The ‘two Georgias’ must work together to tackle climate change

From Savannah’s port to Atlanta’s air, a warming planet affects everyone.
The Port of Savannah's Mason Mega Rail terminal, the nation's largest on-port intermodal facility, will connect to an inland port facility near Gainesville that is scheduled to open in 2026. (Photo courtesy of Georgia Ports Authority)

Credit: Georgia Ports Authority

Credit: Georgia Ports Authority

The Port of Savannah's Mason Mega Rail terminal, the nation's largest on-port intermodal facility, will connect to an inland port facility near Gainesville that is scheduled to open in 2026. (Photo courtesy of Georgia Ports Authority)

Growing up on the Georgia coast, I thought we were immune to hurricanes. I was told the Gulf Stream was an indestructible barrier preventing these storms from ever hitting my hometown of Savannah. As far as I could tell, that was true.

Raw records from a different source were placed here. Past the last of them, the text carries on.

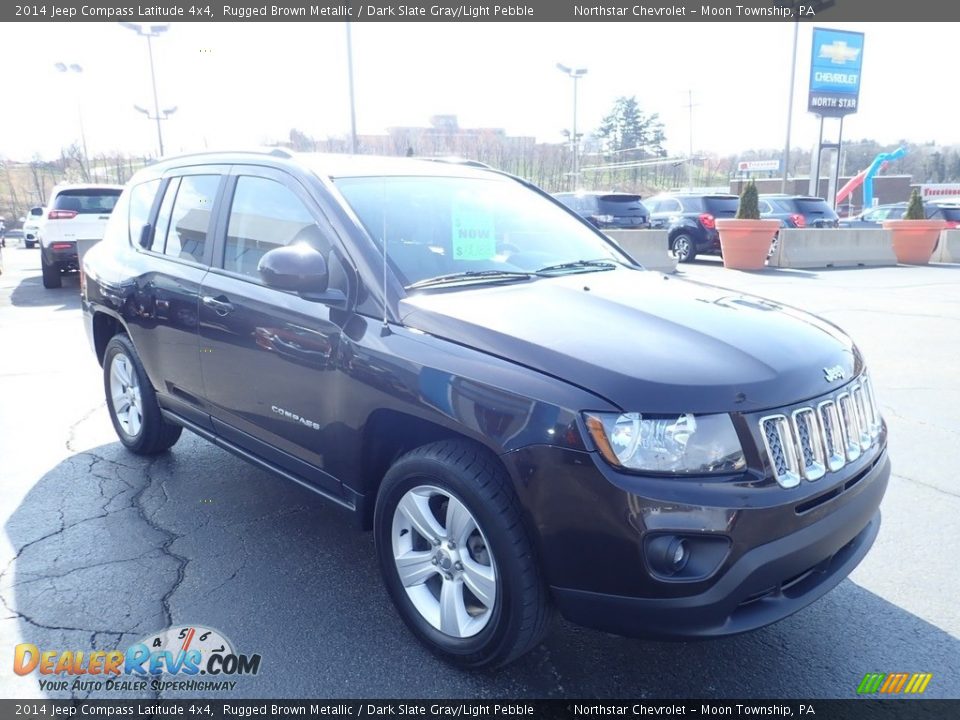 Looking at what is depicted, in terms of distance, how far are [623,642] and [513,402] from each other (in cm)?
122

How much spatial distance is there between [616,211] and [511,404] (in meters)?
17.3

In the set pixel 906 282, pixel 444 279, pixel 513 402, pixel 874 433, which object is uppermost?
pixel 444 279

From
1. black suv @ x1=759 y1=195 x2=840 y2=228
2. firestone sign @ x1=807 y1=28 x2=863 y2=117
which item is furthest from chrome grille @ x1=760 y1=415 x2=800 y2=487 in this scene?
firestone sign @ x1=807 y1=28 x2=863 y2=117

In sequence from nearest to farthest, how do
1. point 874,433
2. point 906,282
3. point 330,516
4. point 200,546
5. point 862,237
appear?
1. point 874,433
2. point 200,546
3. point 330,516
4. point 906,282
5. point 862,237

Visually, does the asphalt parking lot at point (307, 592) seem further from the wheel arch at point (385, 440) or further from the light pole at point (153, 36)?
the light pole at point (153, 36)

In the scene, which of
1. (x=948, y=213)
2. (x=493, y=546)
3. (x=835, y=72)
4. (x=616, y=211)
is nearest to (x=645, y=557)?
(x=493, y=546)

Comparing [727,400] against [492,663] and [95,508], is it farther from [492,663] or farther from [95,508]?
[95,508]

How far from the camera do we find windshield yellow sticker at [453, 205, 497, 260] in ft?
11.0

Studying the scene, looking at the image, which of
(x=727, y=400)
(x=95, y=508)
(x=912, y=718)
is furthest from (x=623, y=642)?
(x=95, y=508)

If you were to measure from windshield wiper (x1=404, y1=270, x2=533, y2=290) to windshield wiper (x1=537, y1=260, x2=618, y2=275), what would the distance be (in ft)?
0.52

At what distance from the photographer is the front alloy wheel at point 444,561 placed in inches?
101

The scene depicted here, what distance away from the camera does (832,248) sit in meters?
17.7

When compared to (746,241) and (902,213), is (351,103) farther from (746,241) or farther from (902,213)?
(902,213)

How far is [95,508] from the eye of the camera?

Even as neighboring states got hit each hurricane season, the worst storms seemed to pass us by. Until 2016, the last hurricane that hit Savannah was Floyd in 1999, five years before I was born. But when I returned home from my first-ever evacuation in 2016 to find that our centuries-old live oak tree had come crashing down just feet from my house, I knew something had shifted and that climate change was at the root. Since then, these once-rare storms make landfall year after year.

The effect of climate change on Georgia’s coast is not seen only during hurricane season. In just my lifetime, we have seen a drastic rise in the occurrence of strong storms and flooding that are putting our lives at stake. As Earth warms at increasingly alarming rates, these storms will get only more intense and more destructive.

Savannah residents face additional threats to our livelihood because we live in a port city. The Port of Savannah, just miles from my house, is one of the largest and busiest ports in the country. Thousands of Savannahians face the negative health effects of pollutants that passing cargo ships and port operations put in our air, water and land.

Communities of color and low-income communities are disproportionately affected by port emissions, perpetuating historic injustices in the city. Though the port has begun to reduce its emissions, our leaders have a long way to go to adequately protect the health of surrounding communities and ecosystems.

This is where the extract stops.